Suspension for piecestore download fail on 1 week old node

fa91986743e69e22bc92 · October 21, 2021, 4:25pm

Looks similar to the last 2 entries on the pinnned “error codes” thread. Not really sure how to interpret the log. I have 3 other nodes on the same network with no issues all showing 100% audits/suspension values.

SGC · October 21, 2021, 4:56pm

order created to long ago sounds like the audit attempt wasn’t processed by the storagenode in time… i think its like 5 + minutes if not 30…

so that seems really odd, have you had downtime recently?

but really having audit errors on a week old node is extreme and weird, you didn’t accidentally use the same identity for the new node as one of the older ones perhaps… that would be my gutshot guess.

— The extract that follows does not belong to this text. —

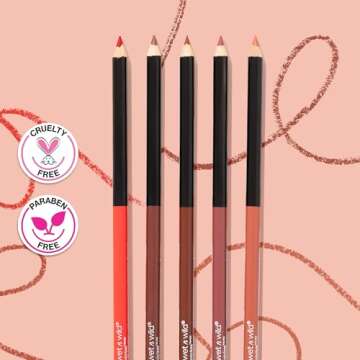 Lip Liner Pencil By Wet n Wild Color Icon Lip Color Makeup, Brandy Wine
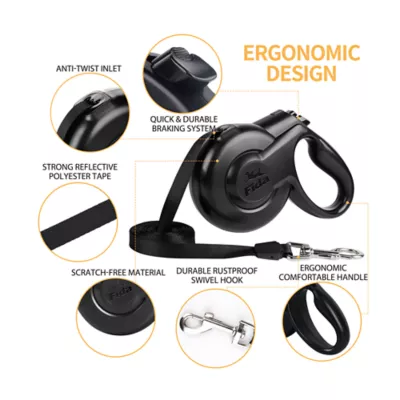 FIDA Stylish Retractible Dog Leash Color & Size Vary - Image 4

fa91986743e69e22bc92 · October 21, 2021, 5:07pm

I recall having to wait for the identity key to generate and then verifying it with the commands that output 2 and 3 respectively for each node Ive set up. I should also note the nodes have been set up weeks/month apart from each other. Maybe the timing response lag is from my hyper visors back up? Im using proxmox and having it back up the storj VMs(Just the OS not the storage drives) to a proxmox back up server hosted on a synology VM. Im unsure about the VMs functionality while its being backed up but I assume the first back up taken will have the longest downtime on the VM with subsequent snapshots being brief as they’re only looking for changes. If thats the case will this problem fix its self? I have not noticed an increase in the audit/suspension % yet for the affected node but its only been about 12 hours since I got the notice.

Alexey · October 21, 2021, 6:49pm

Hello @fa91986743e69e22bc92 ,
Welcome to the forum!

Setup the time sync tool or enable guest tools for your hypervisor to sync clocks with host.
By the way do not use snapshots to restore a node - it will be disqualified, because any snapshot is outdated on time of creation and will have missed pieces.

fa91986743e69e22bc92 · October 21, 2021, 8:53pm

I set up guest tools from this guide.
https://pve.proxmox.com/wiki/Qemu-guest-agent
What sort of time line should I expect to see my audit scores improve?

As for restoring a node, Would it be possible for me to restore the VM>Delete all storj data except for the identity file>Then install/reconfigure storj with the identity file? Im mostly backing up the VM to save me some time on configuring it in the hyper visor. I have all the identity files for my nodes backed up on my NAS as well. I guess I just dont understand how migration/reinstall would work. I can also make a generic storj template thats got all the virtilo drivers and guest agents ready but no storj data.

Thanks for the help!

Alexey · October 21, 2021, 9:34pm

The time offset ideally should be close to zero.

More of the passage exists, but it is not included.